■ The task
Skip every image and restate the data word for word.

■ Source material
------------------------------------

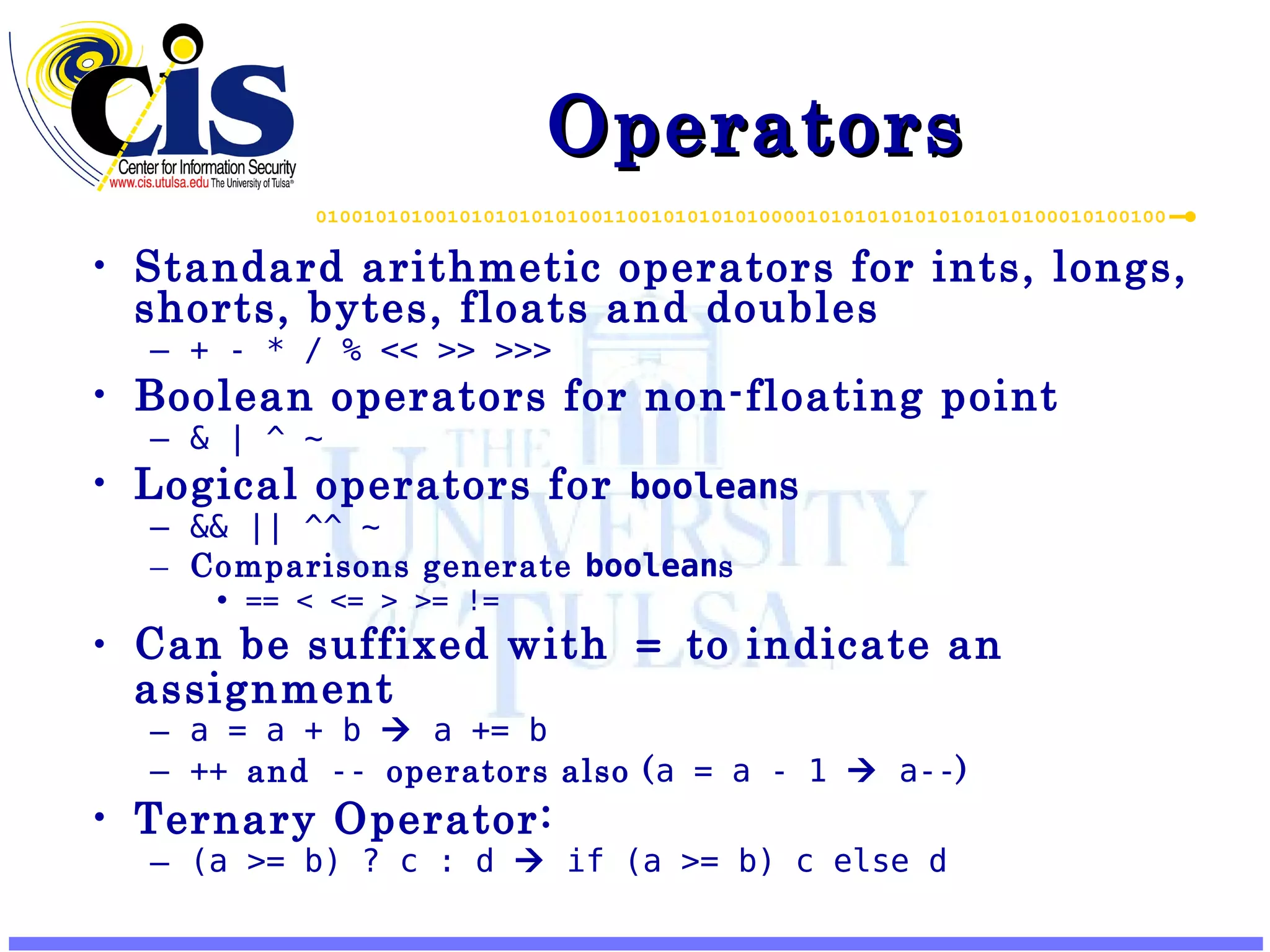 Operators Standard arithmetic operators for ints, longs, shorts, bytes, floats and doubles + - * / % << >> >>> Boolean operators for non-floating point & | ^ ~ Logical operators for boolean s && || ^^ ~ Comparisons generate boolean s == < <= > >= != Can be suffixed with = to indicate an assignment a = a + b  a += b ++ and -- operators also ( a = a - 1  a-- ) Ternary Operator: (a >= b) ? c : d  if (a >= b) c else d 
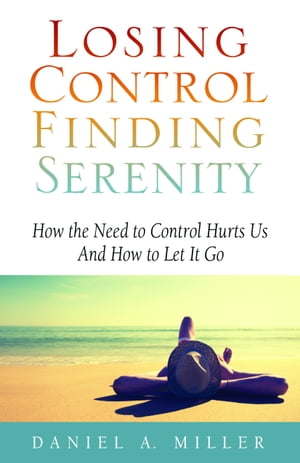 Losing Control, Finding Serenity: How the Need to Control Hurts Us and How to Let It Go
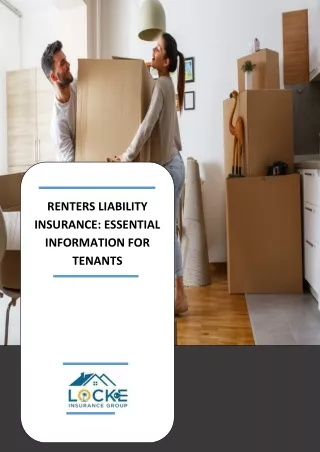 RENTERS LIABILITY INSURANCE ESSENTIAL INFORMATION FOR TENANTS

------------------------------------

■ Answer below
 Operators Standard arithmetic operators for ints, longs, shorts, bytes, floats and doubles + - * / % << >> >>> Boolean operators for non-floating point & | ^ ~ Logical operators for boolean s && || ^^ ~ Comparisons generate boolean s == < <= > >= != Can be suffixed with = to indicate an assignment a = a + b  a += b ++ and -- operators also ( a = a - 1  a-- ) Ternary Operator: (a >= b) ? c : d  if (a >= b) c else d 
 Losing Control, Finding Serenity: How the Need to Control Hurts Us and How to Let It Go
 RENTERS LIABILITY INSURANCE ESSENTIAL INFORMATION FOR TENANTS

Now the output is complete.